Studio album by Eliane Elias
- Released: October 5, 1993
- Genre: Latin jazz
- Length: 51:02
- Label: Blue Note CDP 0777 7 89544 2 2
- Producer: Eliane Elias

Eliane Elias chronology
| Fantasia (1992) | Paulistana (1993) | On the Classical Side (1993) |

= Paulistana (album) =

Paulistana is the eighth studio album by Brazilian jazz pianist, composer, and singer Eliane Elias. The record was released on October 5, 1993, via Blue Note label. The side musicians for this album include her long-time collaborators: Eddie Gomez and Marc Johnson on bass, Jack Dejohnette and Peter Erskine on drums, and Nana Vasconcelos on percussion. The vocal parts were performed by herself, her daughter Amanda Elias-Brecker, and Ivan Lins.

Professional ratings
Review scores
| Source | Rating |
| AllMusic | Star |
| The Buffalo News | Star Half star |
| The Penguin Guide to Jazz on CD | Star |
| The Virgin Encyclopedia of Jazz | Star |

==Reception==
A reviewer of Bristol Jazz Crew stated "Her favoured piano trio is the format of choice here, with Elias keen to hint at Bill Evans, as well as showcasing her own sound, with many tracks benefitting from some soulful and rhythmic percussion.

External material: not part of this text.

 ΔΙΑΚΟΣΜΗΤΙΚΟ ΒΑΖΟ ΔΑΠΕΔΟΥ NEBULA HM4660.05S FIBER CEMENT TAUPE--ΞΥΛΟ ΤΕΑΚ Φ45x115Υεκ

On the downside, a handful of tracks also unweildily gain some of Elias’ vocals. Not to say that her voice is bad though - in fact its limited range is heightened by the warm and sensuous tone she brings to the lyrics – but its occasional lead means that her own piano playing, her greatest asset, is at times greatly reduced. A warm and enjoyable listening experience, the recasting of these classics in a jazz format is a winning success, and Elias’ own pieces here, including the title track, are also much stronger than before, blending nicely with the well-chosen covers. And even despite the small flaws, ‘Paulistana’ is a great uplifting jazz record that sits nicely in Eliane Elias’ discography." The Buffalo News review by Mary Kunz noted, "When you're as talented and good-looking a musician as she is, you can do whatever you want. Elias comes from Brazil, and her sound is rhythmic and tropical."

== Track listing ==

| No. | Title | Writer(s) | Length |
|---|---|---|---|
| 1. | "Brazil" | Ary Barroso, Bob Russell | 4:59 |
| 2. | "Jazz Influence" (Influencia Do Jazz) | Carlos Lyra | 3:18 |
| 3. | "Paulistana" | Eliane Elias | 4:37 |
| 4. | "Black Orpheus" | Luiz Bonfá, Antônio Maria | 6:38 |
| 5. | "Iluminados" | Ivan Lins, Vítor Martins | 3:11 |
| 6. | "Carioca Nights" (Noites Cariocas) | Jacob do Bandolim | 5:08 |
| 7. | "So in Love" | Eliane Elias | 5:05 |
| 8. | "Jet Samba" (Samba Do Avião) | Antônio Carlos Jobim | 5:13 |
| 9. | "Wild Flower" | Eliane Elias | 7:41 |
| 10. | "Old Companion" | Cláudio Nucci | 2:43 |
| 11. | "Who Knows" (Quem Diz Que Sabe) | João Donato | 2:29 |
| Total length: |  |  | 51:02 |

==Personnel==
Band
- Eliane Elias – piano, synthesizer (1, 3), vocals (5, 8, 10)
- Jim Beard – synthesizer (5)
- Marc Johnson – acoustic bass (1, 3, 6, 8, 9)
- Eddie Gómez – acoustic bass (4, 5, 7)
- Peter Erskine – drums (1, 6, 8, 9)
- Portinho – drums (3)
- Jack DeJohnette – drums (4, 5, 7)
- Café – percussion (1, 3, 6)
- Naná Vasconcelos – percussion (9)
- Ivan Lins – vocals (5)
- Amanda Elias Brecker – vocals (8)

Production
- Producer and Arrangements – Eliane Elias
- Associate Producer on Tracks 4, 6, 7 & 9 – Steve Khan
- Executive Producers – Christine Martin and Hitoshi Namekata
- Mixing – Malcolm Pollack (Tracks 1, 3, 5, 8 & 10); Paul Wickliffe (Tracks 2 & 11); James Farber (Tracks 4, 6, 7 & 9).